Querying the MPI runtime
When writing a library, sometimes MPI will be initialized outside your
code. If you wish to use threading, you have to honor the requirements
established at the time MPI was initialized (or give an error). This
can be done with MPI_Query_thread
.
int MPI_Query_thread(int *provided)
Parameters
The value returned in *provided
describes the level that the
MPI runtime is providing. If this is not the level required, the
library should inform the user and either use threading only at the
level provided, or return an error to its caller.
It is possible to influence the threading support available from
some MPI implementations with environment variables, so it can be
wise to use such a method even if your code is managing the call to
MPI_Init_thread
.
Similarly, MPI regards the thread that called MPI_Init_thread
as the main thread for the purpose of MPI_THREAD_FUNNELED
. If your
code needs to identify that thread (eg. to ensure that calls to your
library happen from that thread, so you use MPI), then you need to
call MPI_Is_thread_main
.
int MPI_Is_thread_main(int *flag)
Parameters
A boolean value is returned in *flag
to indicate whether the
thread that called MPI_Is_thread_main
is the main thread,
ie. the one that called MPI_Init_thread
.
Compile an MPI program and observe what thread level is supported
You can find a scaffold for the code in the
content/code/day-4/00_threading-query
folder. A working solution is in the
solution
subfolder. Try to compile with:
mpicc -g -Wall -fopenmp -std=c11 threading-query.c -o threading-query
When you have the code compiling, try to run with:
mpiexec -np 2 ./threading-query
Use clues from the compiler and the comments in the code to change the code so it compiles and runs.
Solution
One series of correct calls is:
MPI_Is_thread_main(&is_master); /* ... */ required = MPI_THREAD_MULTIPLE; MPI_Init_thread(NULL, NULL, required, &provided); /* ... */ MPI_Query_thread(&provided_query); /* ... */
Which threading level to use?
If you’re not using threading, use MPI_THREAD_SINGLE
.
If you’re using fork-join parallelism, e.g. in the style of OpenMP,
use MPI_THREAD_FUNNELED
.
MPI_THREAD_SERIALIZED
can be optimal, but forces the programmer to
pay a lot more attention to manually ensuring that the promise to the
MPI runtime is honored.
If you’re using more complex forms of threading, it’s simplest to use
MPI_THREAD_MULTIPLE
. Be aware that this forces the MPI runtime to
be much more defensive about its internal data structures, and that
will cost you performance. That’s not going to be a relevant problem
until you reach your scaling limits.
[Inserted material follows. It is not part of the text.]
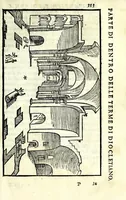 Picture 27 of 43 from Le antichità della citta di Roma : raccolte sotto brevita da diuersi antichi & moderni scrittori (1588), leaf 229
Get your code working correctly
first, then see if performance is not as good as you expect, and then
analyse if you can use a less costly MPI threading level.
Calculating \(\pi\) with a hybrid MPI+OpenMP code
This example is based on the \(\pi\) computation exercise
(content/code/day-1/02_compute-pi
). You can find a scaffold for
the code in the content/code/day-4/10_integrate-pi
folder.
A working solution is in the solution
subfolder. Try to compile with:
mpicc -g -Wall -fopenmp -std=c11 pi-integration.c -o pi-integration
Use clues from the compiler and the comments in the code to change the code so it compiles and runs.
When you have the code compiled, try to run with:
export OMP_NUM_THREADS=2 mpiexec -np 2 ./pi-integration 10000000
Solution
One series of correct calls is:
/* ... */ int provided, required = MPI_THREAD_FUNNELED; MPI_Init_thread(NULL, NULL, required, &provided); /* ... */ if (required != provided) /* ... */ #pragma omp parallel for reduction(+:local_pi) /* ... */ MPI_Reduce(&local_pi, &global_pi, 1, MPI_DOUBLE, MPI_SUM, 0, comm); /* ... */
See also
Keypoints
MPI offers four levels of threading support, use the one that fits your needs.